Treasury consults to extend AFCA’s super powers

Superannuation AFCA law change

Federal Treasury has called for public feedback on a legal amendment that would enable the Australian Financial Complaints Authority (AFCA) to adjudicate on a broader range of superannuation complaints.

The proposed amendment would introduce a slight change in the wording – but a significant change in scope – to the current law, enabling complaints to be lodged against a superannuation provider “even if [it] does not meet the definition of a superannuation complaint”.

As the law stands, “a complaint relating to superannuation may only be made to AFCA if it meets the definition of a superannuation complaint” – meaning that, for instance, AFCA would not be able to pursue a complaint levelled against a third party attached to a super fund, such as a life insurer and its policies, if the complaint is lodged against the super fund.

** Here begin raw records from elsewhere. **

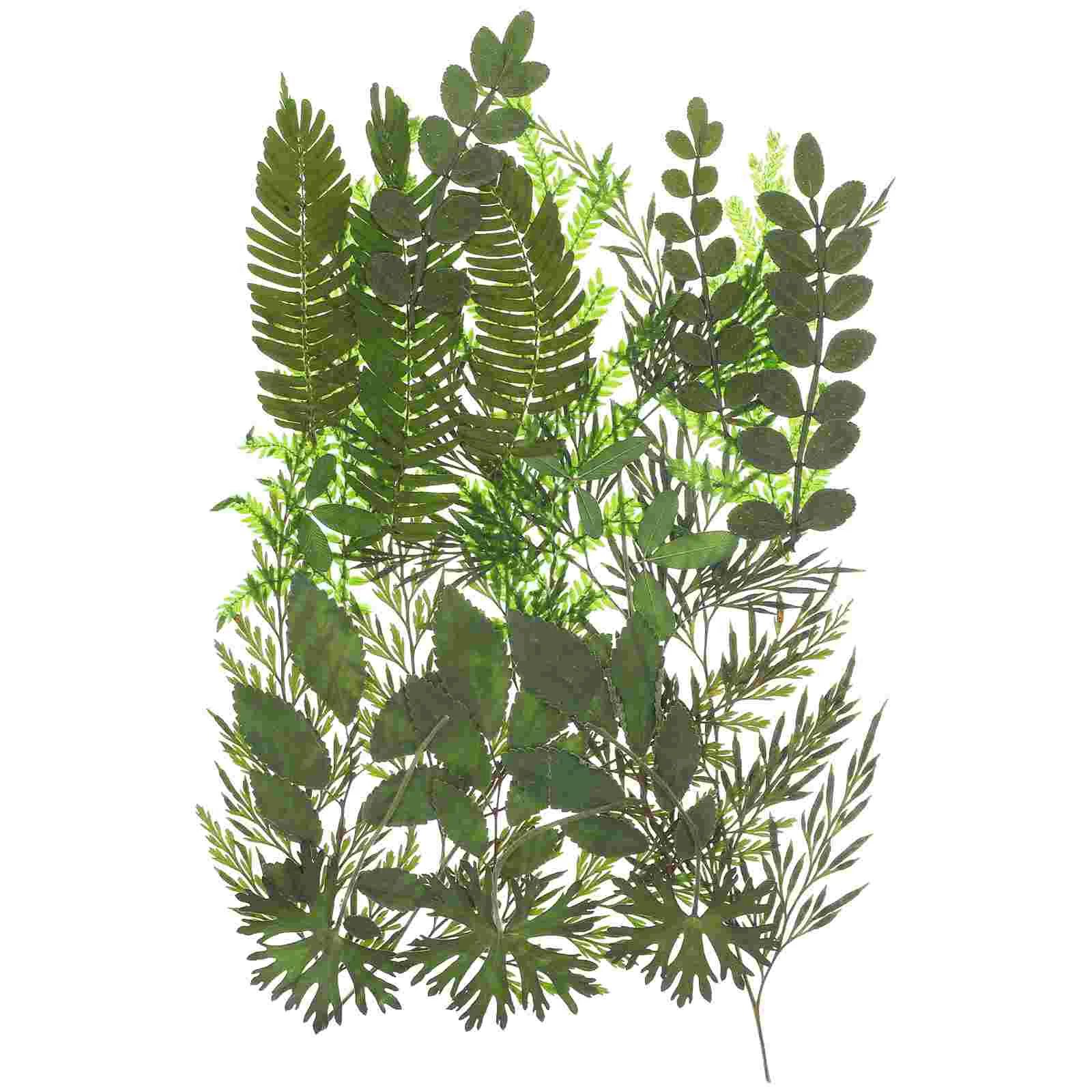 Pressed Dried Leaves Flowers and Embossed Handmade Materials Plant Specimens Plants Faux Indoor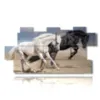 paintings representing horses running towards new adventures - version: 11 pannelli 202x103cm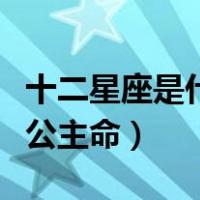 十二星座是什么公主有公主命（十二星座谁有公主命）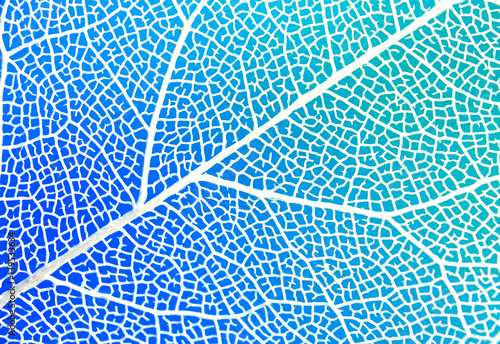 Texture of white transparent sheet on a blue and green background close-up macro. Veins and streak skeleton transparent leaf.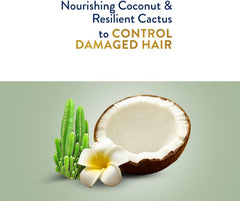 Applying Parachute Gold cream to damp hair for frizz control and softness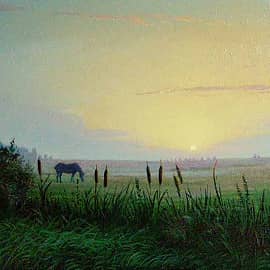 Вечер. Камыши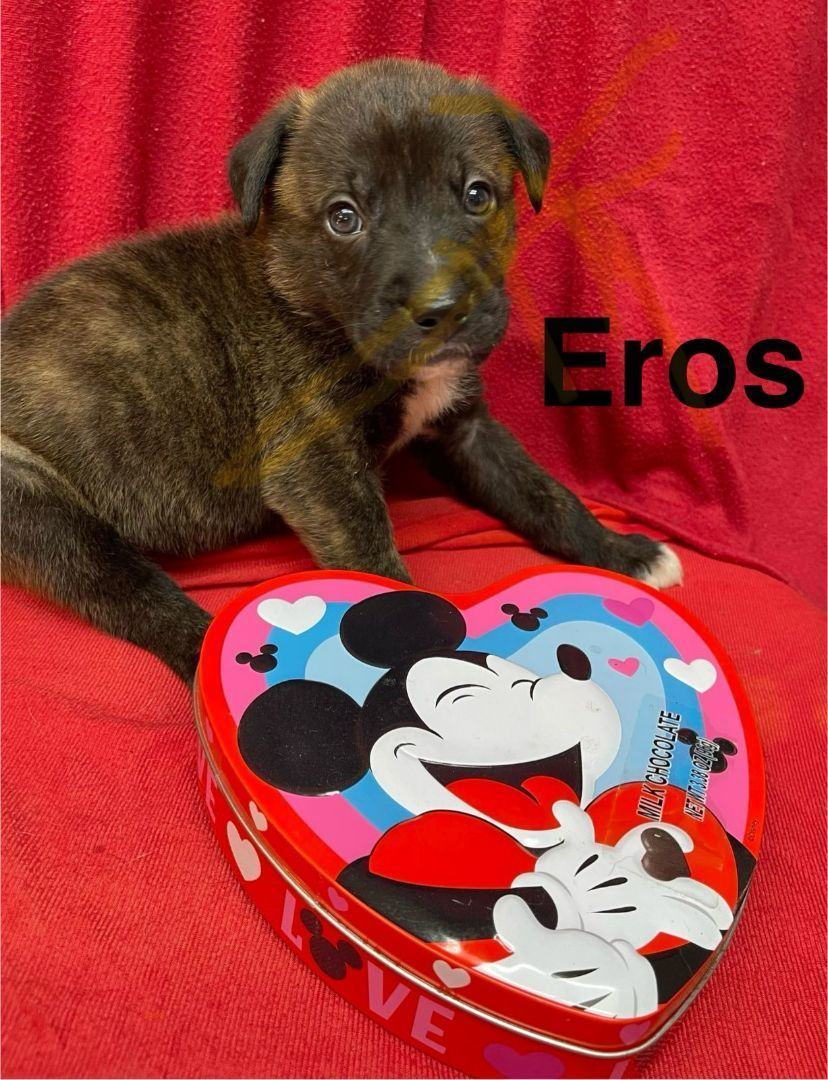 Valentine's Day - Eros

AFCA’s oversight of complaints made against superannuation providers is governed by Section 1053 of the Corporations Act, which means that a complaint can only be reviewed by the complaints authority if it falls strictly within one of the categories identified within the subsection.

This, Treasury noted in its explanatory memorandum on the amendment, “is contrary to the original policy intent”.

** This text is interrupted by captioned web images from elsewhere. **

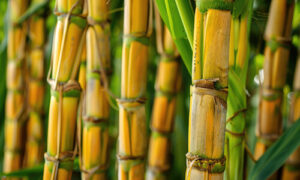 sugarcane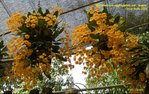 [+] ?- Dendrobium_aggregatum_majus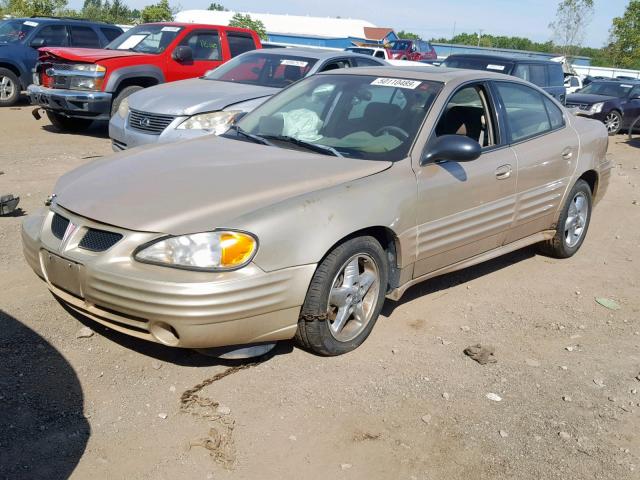 1G2NF52F62C303115 - 2002 PONTIAC GRAND AM S GOLD photo 2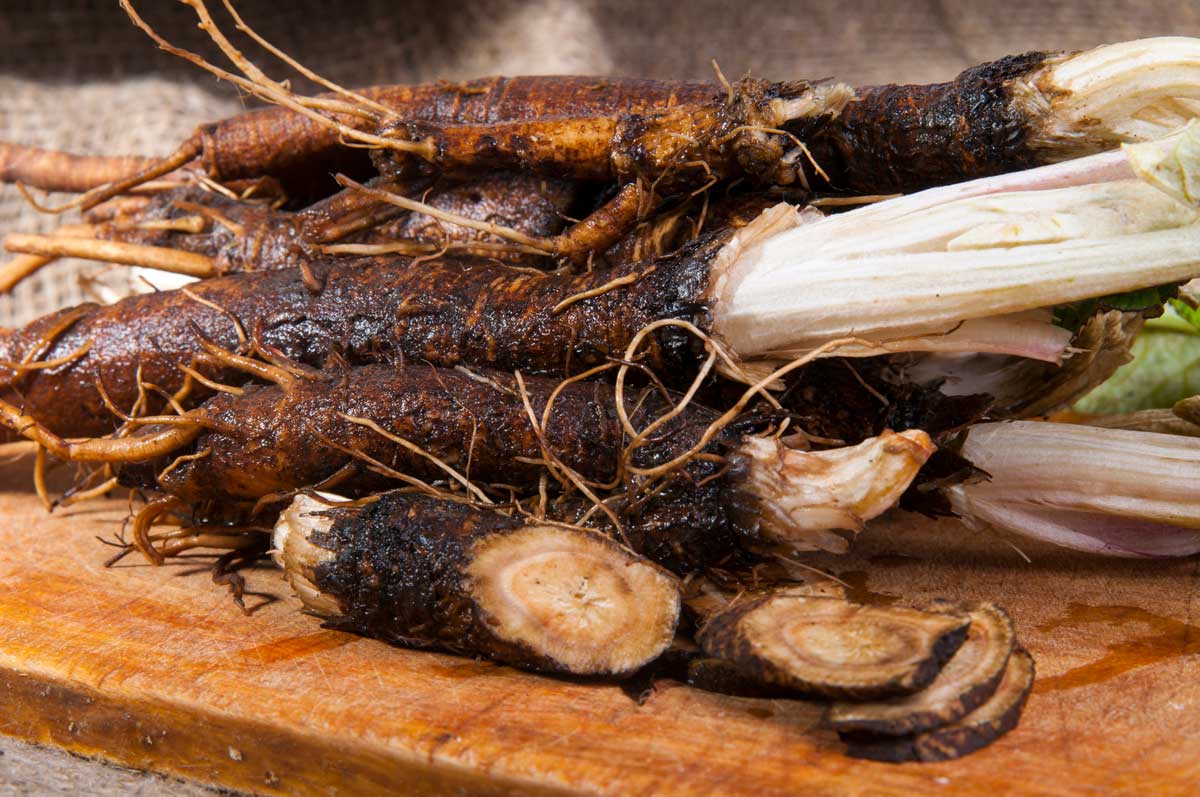 Burdock root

“The policy intent of Division 3 of Part 7.10A [External Dispute Resolution] of the Corporations Act is to provide AFCA with additional statutory powers to manage superannuation-related complaints effectively. It is not intended to limit the complaints that may be brought under the AFCA scheme,” Treasury wrote in its exposure draft.

The jurisdictional black spot was exposed after a Federal Court finding in October last year (in the case MetLife v AFCA [2022] FCAFC 173) which found AFCA lacked the authority to determine an original complaint relating to a life insurance policy within a superannuation fund, as it “did not satisfy any” of subsections of 1053.

The Court found that “AFCA does not have the authority to determine a ‘complaint relating to superannuation’ that falls outside the ambit” of subsection 1053.

Treasury noted in its exposure draft that the MetLife decision “has led to AFCA being unable to consider certain complaints about insurance policies held inside superannuation which it would otherwise be able to determine”.

AFCA serves as an external dispute resolution scheme for consumers unable to resolve complaints with member financial services organisations.

All Australian financial services licensees, Australian credit licensees, authorised credit representatives and superannuation trustees are required to be members of AFCA.

Since launching in 2018, merging several separate financial complaints authorities (including the Financial Ombudsman Service (FOS), the Credit and Investments Ombudsman, and the Superannuation Complaints Tribunal), AFCA has received more than 300,000 complaints – an average of 200 complaints a day – and has secured more than $900 million in compensation and refunds.

Last calendar year, AFCA received upwards of 5,600 complaints directed specifically at the superannuation sector, up 11 per cent on the previous year. This represents around 7.7 per cent of all complaints received by AFCA , totalling 72,358 complaints lodged in the 2022 calendar year.

Submissions for the consultation close on 16 June 2023.